Den Kläger treffe hier an seiner Arbeitsunfähigkeit kein Verschulden im Sinne von § 3 Abs. 1 Satz 1 EFZG. Schuldhaft im Sinne von § 3 Abs. 1 S. 1 EFZG handele ein Arbeitnehmer dann, der gröblich gegen das von einem verständigen Menschen im eigenen Interesse zu erwartende Verhalten verstoße.
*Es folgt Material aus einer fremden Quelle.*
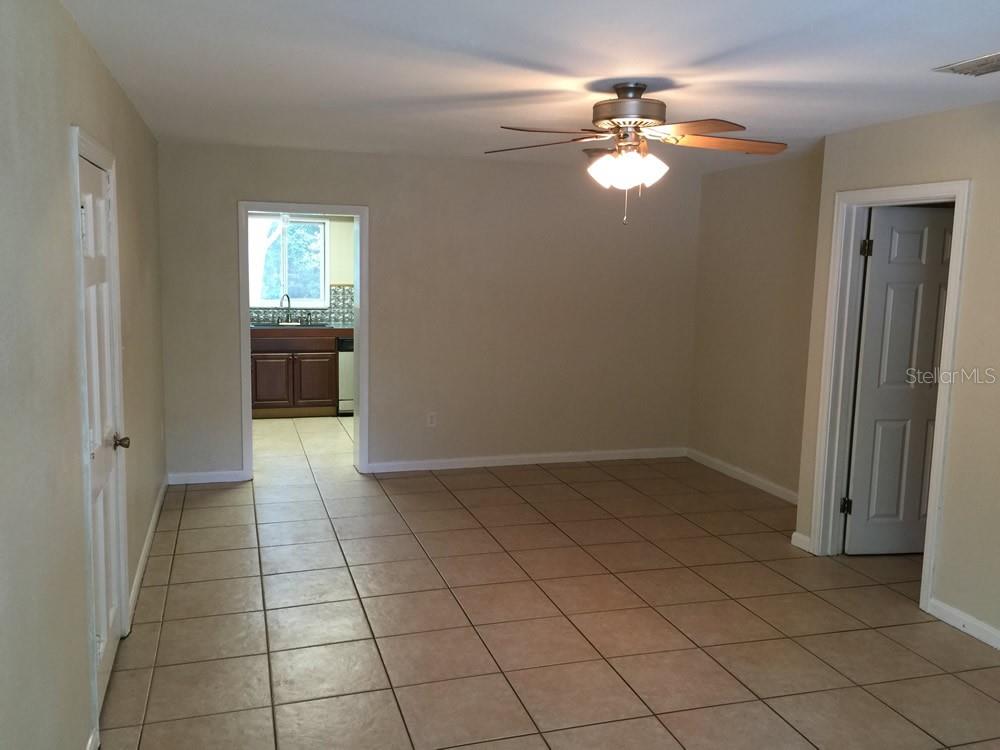631 Northwest 34th Terrace Gainesville, FL 32607 - Photo 2 of 14 a view of an empty room with a chandelier fan and a window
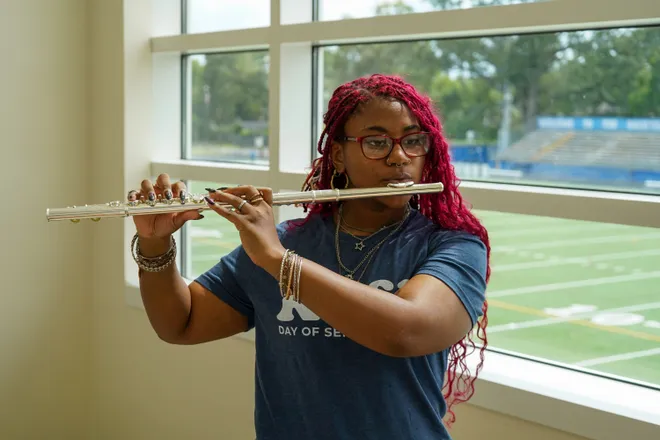A new flute donated to Riverside High is played by a music student at the school, which received about $38,500 worth of instruments from the Mr. Holland’s Opus Foundation,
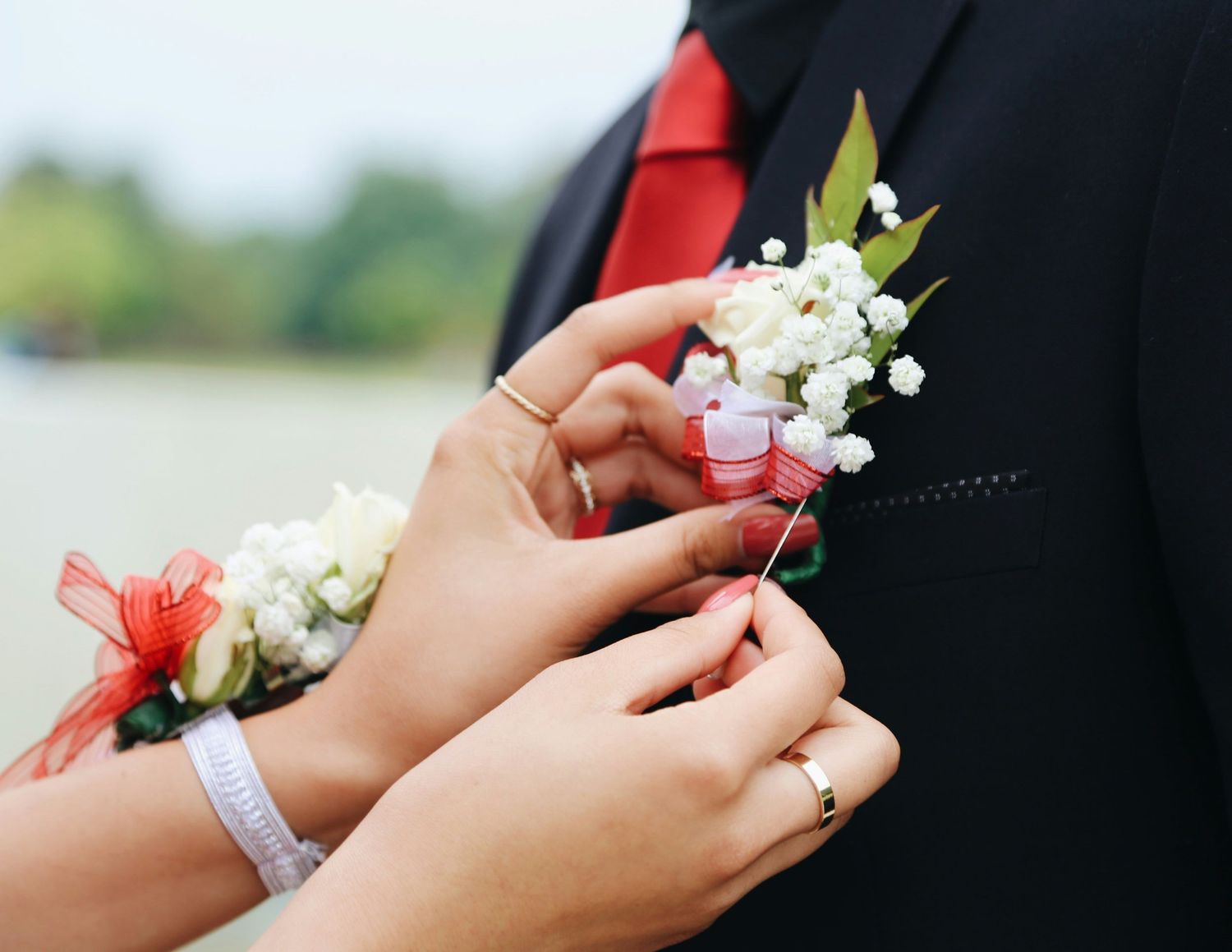 A woman with red nail polish pins a white floral boutonniere on a man's black suit jacket at prom.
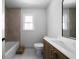 Bright bathroom featuring a tub, modern marble floors and walls, and a wood vanity with a white countertop at 7771 A C Smith Rd, Cumming, GA 30028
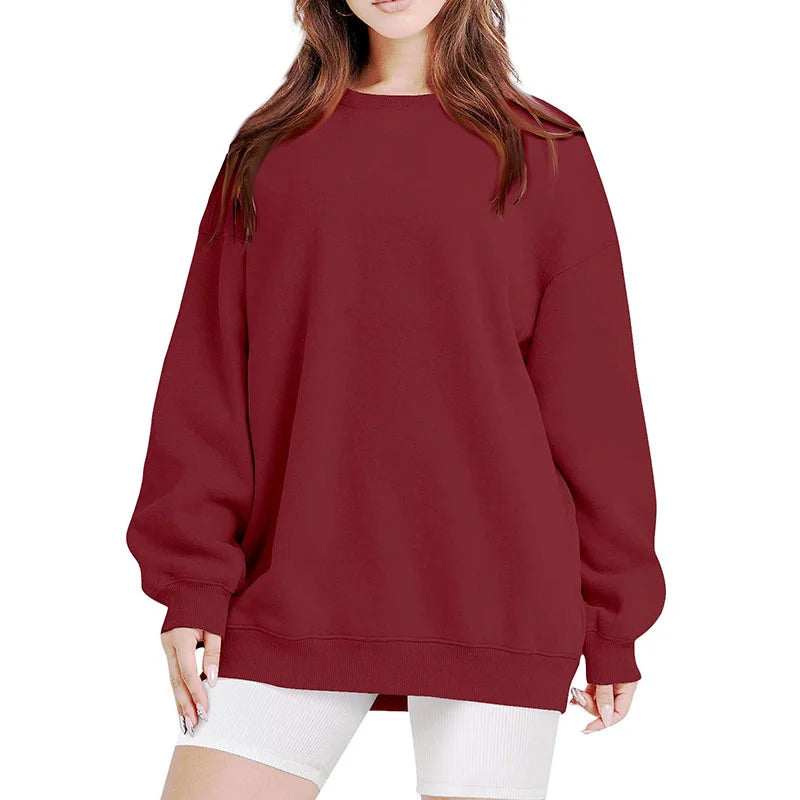 Maroon sweatshirt worn by a person on a white background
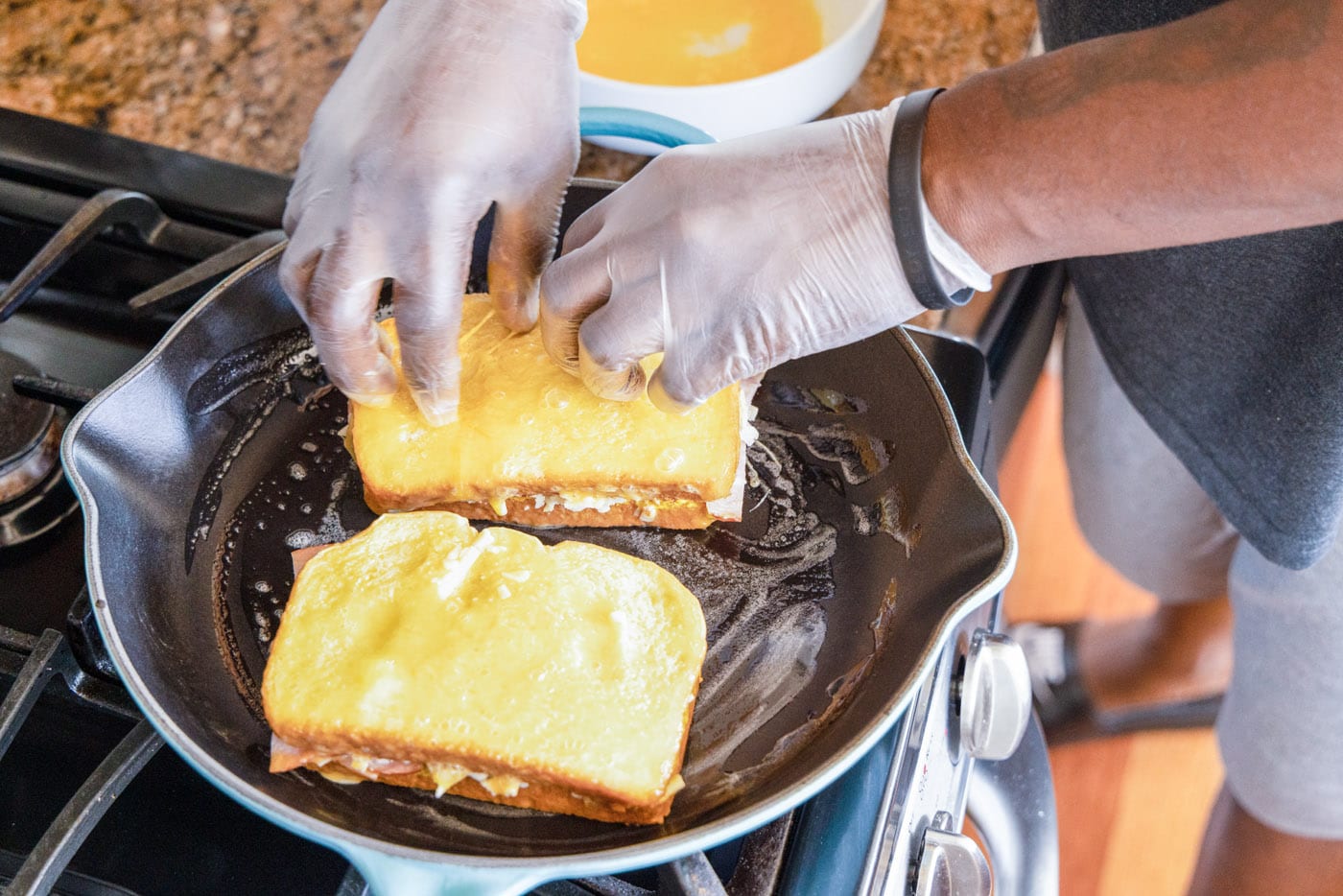 frying monte cristo sandwich in skillet with butter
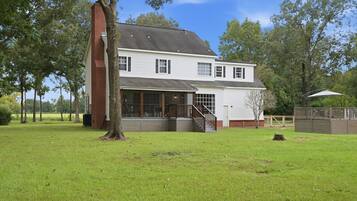 A two-story house with a large front porch, a brick chimney, and a fenced yard.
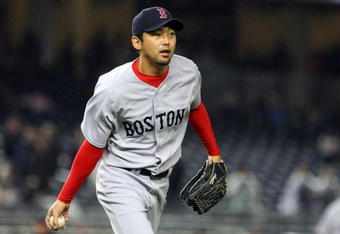 NEW YORK - MAY 05:  Takashi Saito #24 of the Boston Red Sox flips the ball to first base for an out against the New York Yankees on May 5, 2009 at Yankee Stadium in the Bronx borough of New York City. The Red Sox defeated the Yankees 7-3.  (Photo by Jim McIsaac/Getty Images)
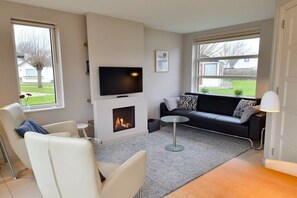 Een moderne woonkamer met een open haard, een bank, een televisie en een eethoek.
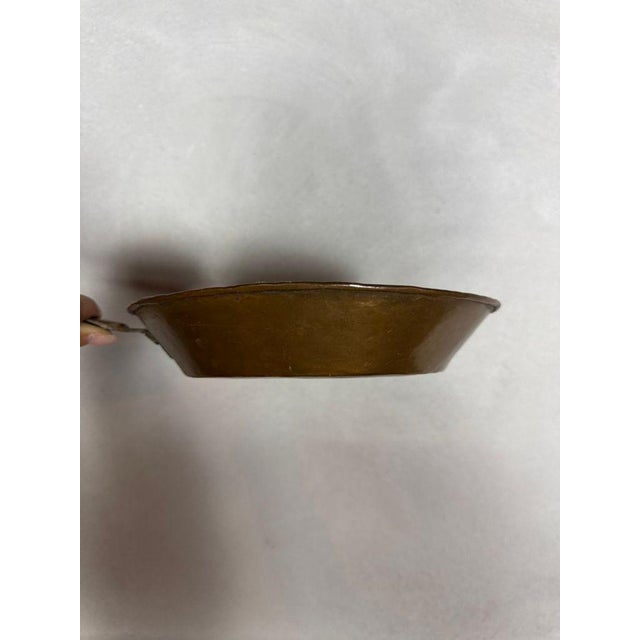 Vintage hammered copper fry pan featuring a warm, aged patina and beautifully textured surface. Crafted with classic...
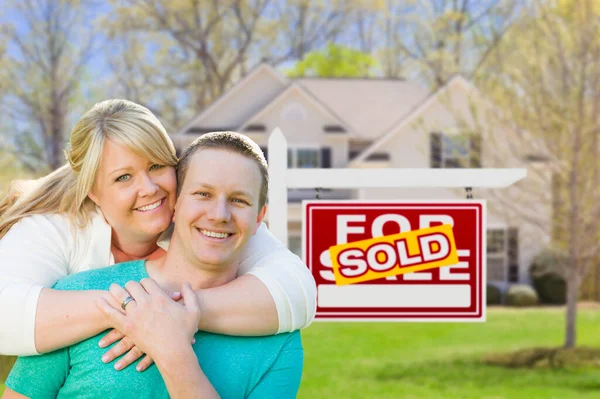 販売不動産の看板と新しい家の前で幸せなカップルの抱擁 ロイヤリティフリーのストック写真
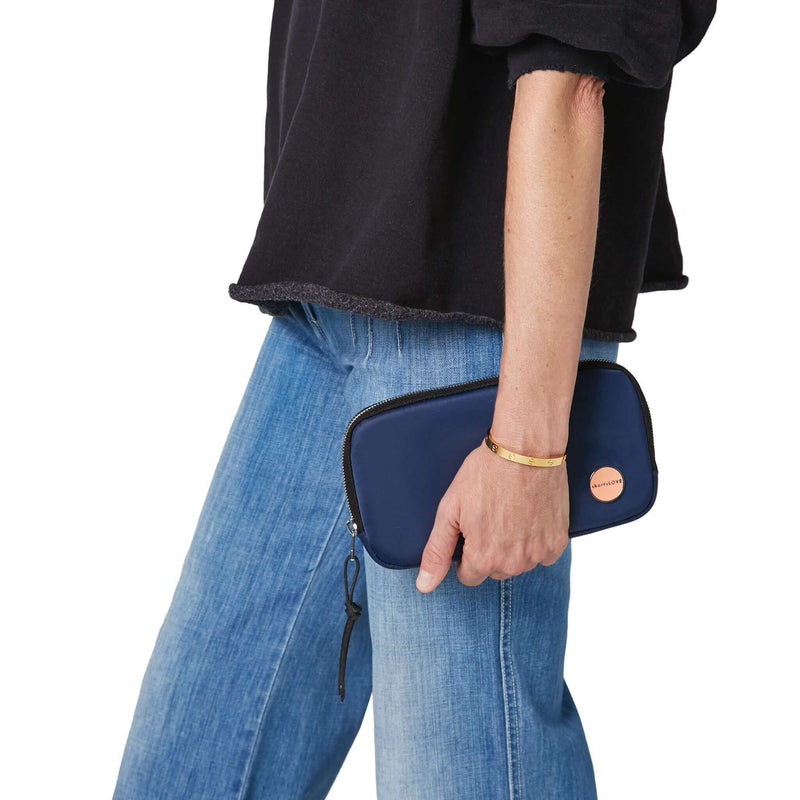 shortyLOVE jetty clutch/wallet in navy; hand held by model in black sweatshirt and jeans against white background.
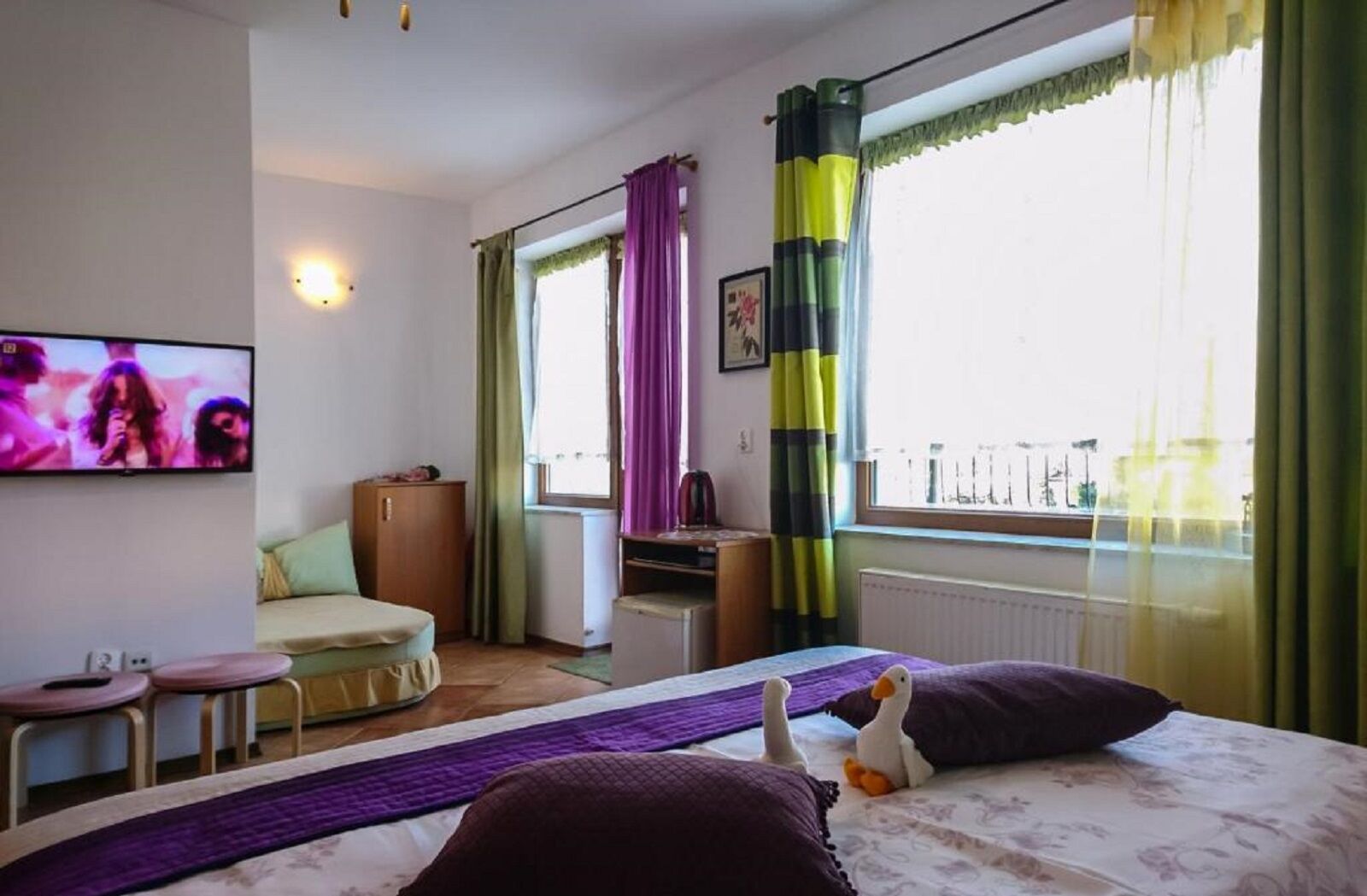 Una habitación de hotel con cama, escritorio, silla y televisor.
Im vorliegenden Fall sei unstreitig, dass eine Dogge den Hund des Klägers angriffen habe. Weiter sei unstreitig, dass im weiteren Fortgang der Rauferei die angreifende Dogge den Hund des Klägers im Nackenbereich biss und diesen hängend im Maul hielt, weshalb sich der Kläger zum Eingreifen entschloss. Somit befand sich der Kläger in einer Notlage: Greift er in die Rauferei ein, riskiert er, selbst gebissen zu werden. Greift er nicht, müsste er eine weitere Verletzungen seines Hundes, und damit seines Sacheigentums (§ 90a BGB), sehenden Auges hinnehmen. Somit hat sich der Kläger gerade nicht "ohne Not", sondern vielmehr wegen der bestehenden, aber von ihm nicht verschuldeten, Notlage der Gefahr ausgesetzt, die sich durch den Hundebiss auch realisiert habe.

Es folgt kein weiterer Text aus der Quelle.